ANALYSIS OF THIS YEAR'S DODGERS
Brooklyn's pitching lacks glitter of Milwaukee's, but some insist it is actually strongest in league, especially in light of fact it has to pitch half its games in tiny Ebbets Field, a hitter's paradise. Sal Maglie, assuming that he continues to thrive, is toughest pitcher in baseball in a money game. Big Don Newcombe is not, but over a season his tremendous consistency racks up game after game. Talkative Clem Labine and taciturn Don Bessent provide strongest bullpen in league; Labine throws wicked sinking curve, and Bessent's fast ball is a wisp of smoke. Other starters (Carl Erskine, Johnny Podres, Roger Craig, Don Drysdale) are not up to same standards as "Barber" Maglie and Newk, but then there's the relief pitching. Brooklyn's strength lies also in superb fielding (though Catcher Campanella, Shortstop Reese, Outfielders Snider and Furillo have all fallen off a little from their peak in that respect), fast and skillful base running, and the not inconsiderable remnants of the once powerful hitting. Duke Snider, for instance, is still one of the greatest sluggers in baseball. Probably most valuable player on club last year, aside from pitchers, was relatively obscure Jim Gilliam, who played second base, left field, hit .300, stole 21 bases (second in league) and scored 102 runs (fourth straight year over 100).

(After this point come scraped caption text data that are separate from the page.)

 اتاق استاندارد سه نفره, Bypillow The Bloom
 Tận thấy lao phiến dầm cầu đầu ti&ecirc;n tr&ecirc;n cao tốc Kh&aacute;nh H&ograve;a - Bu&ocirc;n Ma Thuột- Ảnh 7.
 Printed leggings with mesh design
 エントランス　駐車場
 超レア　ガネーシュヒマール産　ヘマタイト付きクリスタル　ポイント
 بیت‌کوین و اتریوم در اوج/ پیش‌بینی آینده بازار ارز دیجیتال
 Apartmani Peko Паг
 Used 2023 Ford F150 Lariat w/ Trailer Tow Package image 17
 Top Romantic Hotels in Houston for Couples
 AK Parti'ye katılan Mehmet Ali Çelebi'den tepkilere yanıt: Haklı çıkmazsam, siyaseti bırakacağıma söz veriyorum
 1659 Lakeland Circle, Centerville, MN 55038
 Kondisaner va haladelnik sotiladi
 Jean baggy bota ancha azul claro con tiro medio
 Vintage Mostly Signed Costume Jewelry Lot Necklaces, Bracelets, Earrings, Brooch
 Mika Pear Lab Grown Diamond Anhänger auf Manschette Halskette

Age and its infirmities are biggest worries Dodgers have. So much depends on ability of veterans like Reese and Campanella, Furillo and Hodges, Maglie and Erskine to play up to the hilt for yet another year. The club boasts about its farm system and all the brilliant prospects produced therein, but in last seven seasons only Gilliam has come off farms to become fulltime regular, if you exclude Relievers Labine and Bessent. A few (like Joe Black) flared briefly, and a few others (like Podres, Neal and Craig) give promise to assume full major league stature this year. Yet many more (names stick in the memory: Morgan, Bridges, Hoak, Palica, Abrams, Loes, Belardi, Podbielan...) arrived in a fanfare of publicity only to fade quietly from Brooklyn scene. Doubts about reliability of Dodger rookie crop constitute continuing major weakness.
ROOKIES AND NEW FACES
The most interesting rookie in Dodgertown this spring was a tall, skinny Cuban named Rene Valdes, who calls himself The Whip and whose pitching motion resembles one. His brilliant work in training games moved him ahead of more orthodox Dodger rookies like the lefthander Fred Kipp. Perhaps Johnny Podres, returned after a year in the Navy, could be termed a new face. John has a trick back; when it's O.K. he's O.K., but when it goes bad for a week or two then so does he.
THE BIG IFS
Don Newcombe is on the spot after his dismal World Series performance, but the real worry in pitching is Sal Maglie. Dodgers say they expect full season of outstanding work from the masterful Barber, and Sal feels the same way. But he passes 40 this month, and at 40...well, there's always that doubt. Another worry is Roy Campanella, three times Most Valuable Player in the National League. Last year Campy's batting average dropped 99 points to a miserable .219. Of course, the Dodgers won the pennant anyway, and presumably could do it again. But if Roy's injured hand is really well again he could give waning Dodger punch tremendous lift. And a tremendous lift may be what the team will need, now that the fiercely competitive Jackie Robinson is no longer around to needle his teammates to victory.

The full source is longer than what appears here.